My Scotland
My ideal Scotland is an independent state. My Scotland is a republic, free of the monarchy and the aristocracy it supports.
My Scotland is a parliamentary democracy with a constitution that hardwires ideals of equality and social justice into the way the country operates. My Scotland is a country where the bastions of privilege and inequality—the private schools, the large country estates, the obscene salaries and bonuses of corporate bosses—have been dismantled and the proceeds made available to the people. My Scotland is clean, green and no longer a fighting machine. No nuclear weapons, no foreign adventures (e.g. Iraq, Afghanistan) except as part of UN peacekeeping. The Irish Army is the model. My Scotland utilises its abundant natural resources—sun, wind, water and tides—to create renewable energy and wind down its dependence on fossil fuels. My Scotland—well, I think you get the picture.
In the Scottish version of an old joke, a visitor to a Highland village stops a local and asks, ‘How do I get to Aberdeen from here?’ The local ponders a moment, then answers, ‘Och, if I were going to Aberdeen, I wouldna start from here!’
Indeed, to get to my ideal Scotland, you wouldn’t start from here.

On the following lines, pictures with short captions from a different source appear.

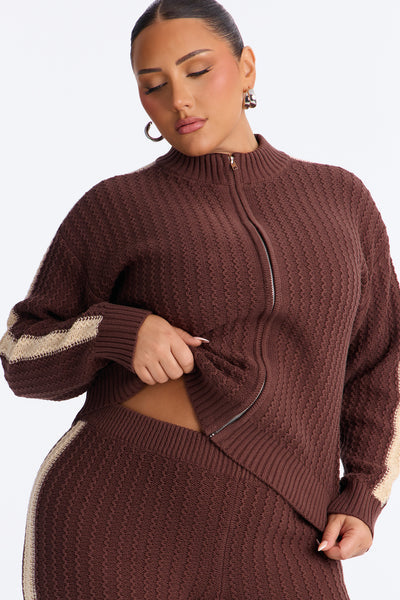 https://cdn.shopify.com/s/files/1/0293/9277/files/B126MS0904_Chocolate_PLUS_V4.jpg?v=1786660824&with=400&height=600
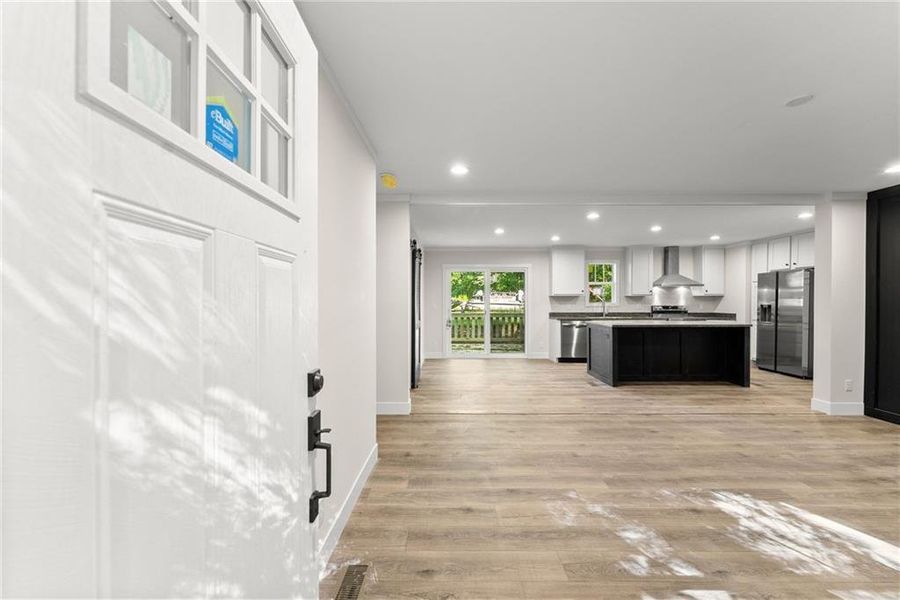 Spacious, unfurnished interior of a new home in , Talking Rock (Image 8).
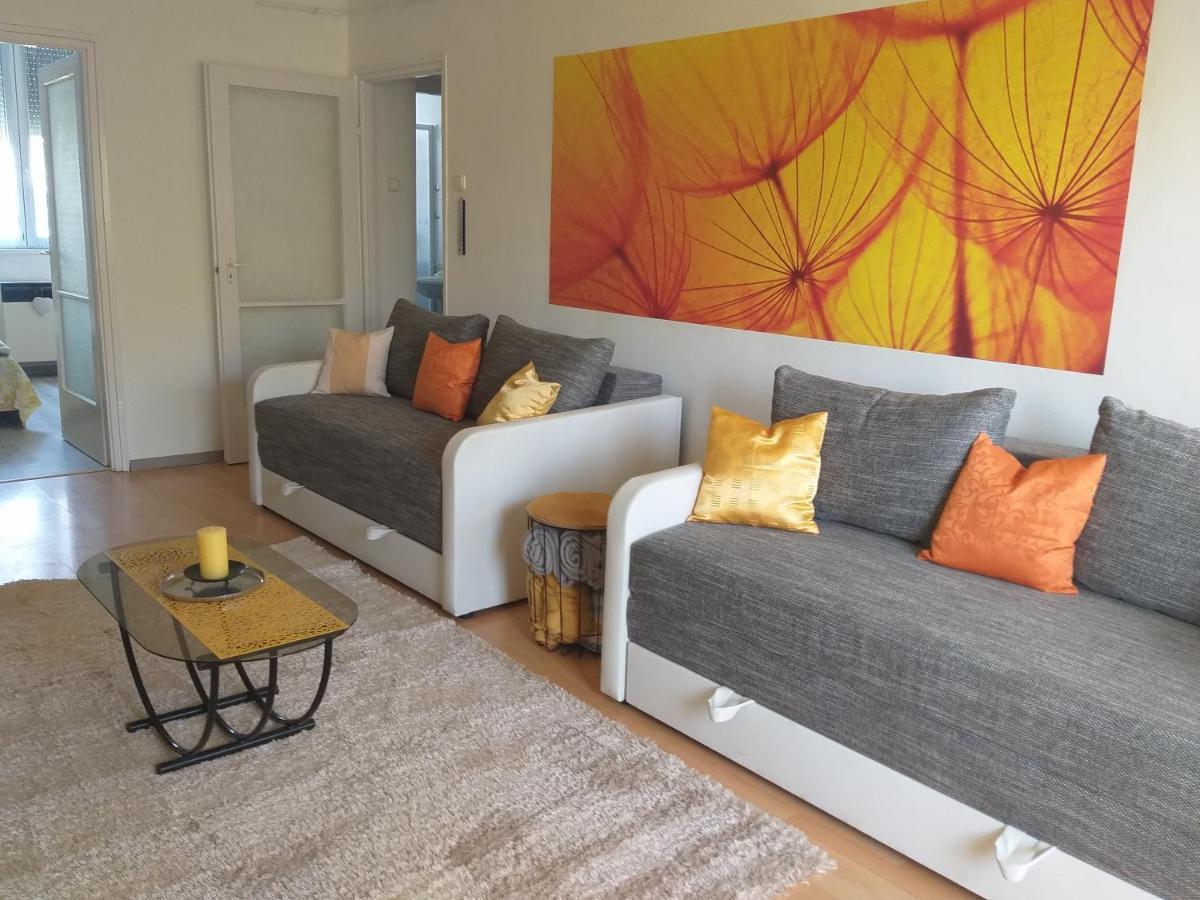 Simon Apartman Tiszafüred Buitenkant foto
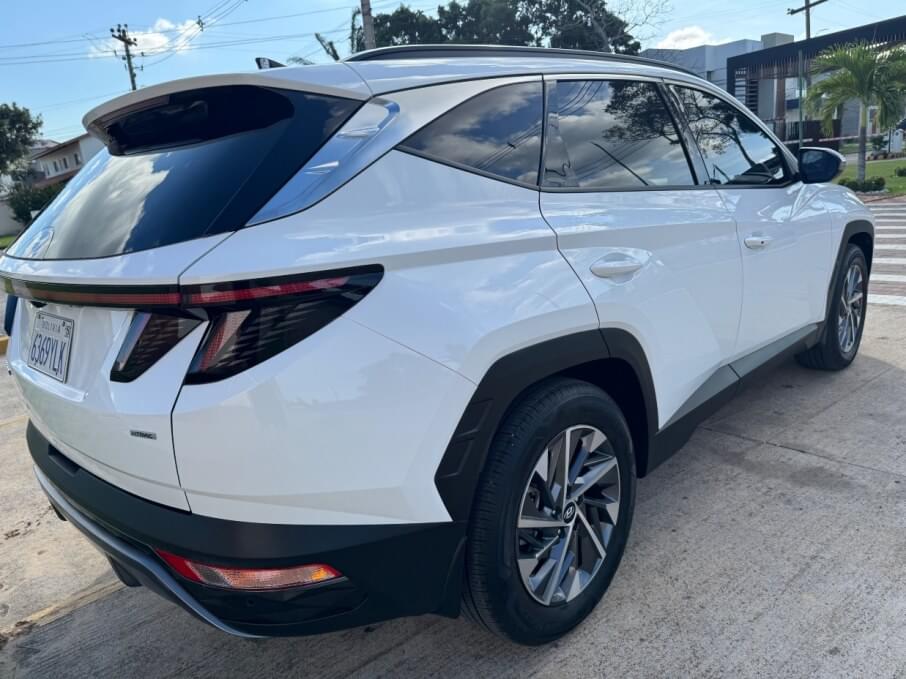 HYUNDAI TUCSON 2024 14.000 Kms.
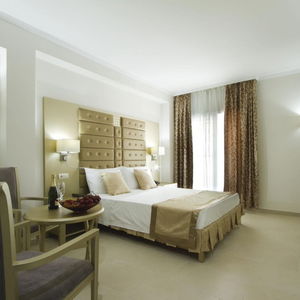 Sejur El Tiburon Hotel Boutique vacanta Torremolinos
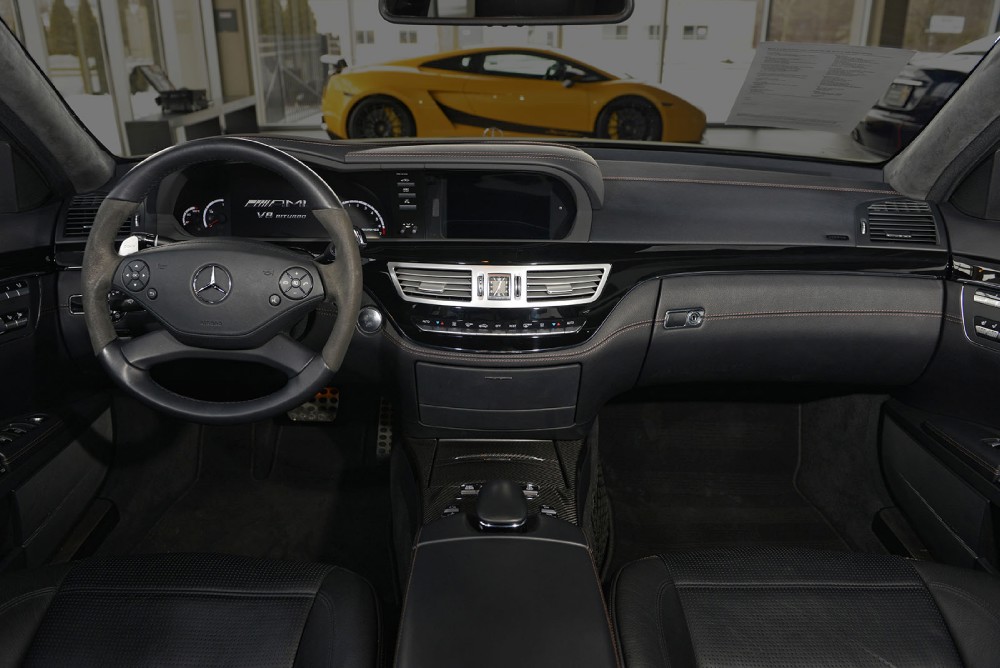 2012 Mercedes-Benz S63 Image 2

And yet, and yet … the 2014 independence referendum, while delivering a No result, prompted an upsurge of community organisation and an engagement in political discussion not seen since the dark days of Thatcherism. Why, when it seemed like Yes might surge over the line, even the London-based press got interested for a wee while.
Passions ran high and allegations of trickery and misinformation were levelled against the Better Together group while the BBC was accused of bias. When it came to the 2015 UK General Election, the Liberal Democrats were deeply tarnished by their coalition with the Conservatives and the imposition of a program of ‘austerity’, while the spectacle of Labour leader Ed Milliband and former leader Gordon Brown campaigning alongside the Conservatives during the independence referendum proved too much for many Scottish Labour voters. Support for Labour and the LibDems collapsed—Labour lost 40 of its 41 seats and the LibDems 10 of 11—and the SNP swept an unprecedented 56 of the 59 Scottish Westminster seats.
While Scots voters sick of the same old politics had a release value in the shape of the SNP, voters in England fed up with their lot and looking for someone to blame were easy prey for the nasty messaging of the anti-immigration UKIP and the right wing of the Tory party. To appease the Eurosceptics, Cameron rolled the dice on another referendum. The anti-EU sentiment of the Leave campaign, riddled with lies and misinformation and fanned by the English popular press, saw the shock 2016 referendum result now known as Brexit.
So, in the two referenda of the twenty-tens, Scotland voted to stay in the UK (and by implication the EU) by 55-45 per cent, and then voted to stay in the EU (62-38 per cent). Scotland’s preference to stay in the EU is therefore clear, yet she is being dragged out of Europe by an unholy alliance of old, white, little Englanders and an increasingly impotent English working class that either swallowed the line that the problems of Britain were caused by European immigration, or simply wanted to lash out at the establishment.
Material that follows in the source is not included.